If nostalgia comforts, then white wine is a hug from mom in her visor and capri pants.

Brat, indie sleaze, messy girl — these weren’t new altars, but rather subaltars, all leaning toward the ziggurat of Clean Girl. Minimalist beige, white sneakers, Hailey Bieber, gold stacked jewelry. The girlboss may not call herself that anymore, and she may recoil at “influencer,” but influence she has, influenced she is. Indie sleaze is just nostalgia, after all, not an embrace of chaos, but the opposite: a desire for more legible hierarchies, when being thin and blond was the point. For the smaller world we inhabited in the late aughts, when magazines like Teen Vogue could fit in the palm of your hand.

At Hillstone, I admire my gargantuan glass of French chardonnay. It’s a chalice, easily transposed to the suburban environs of Middle America. Much like a red wine needs to “stand up” to a steak, a glass of white needs to stand up to the windowed expanse of the vinyl-sided home, something large enough to nurse in front of the man-made pond on the composite decking while your husband grills portabellas from Vons. I text J a picture of it, noting its impressive scale.

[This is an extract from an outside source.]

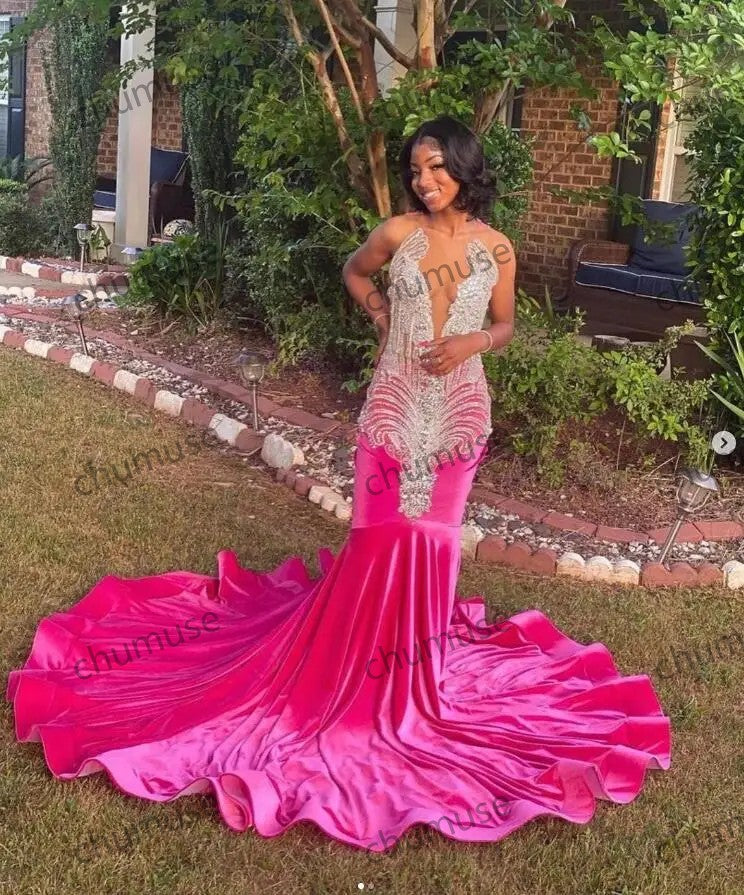 Fuchsia Pink Sparkly Long Prom Formal Reception Dresses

“It’s to make women’s hands look smaller,” he says.

On the wall, there is a large, framed photograph of a Palm Springs house at night, because night is sexy and the desert is easy. Another wall is lined with dozens of bottles of red wine, a nod to steakhouse culture, but the bottles are all behind glass, safely locked away. The malbec-swilling CEOs will have to celebrate their earnings reports another time. Tonight is for the ladies.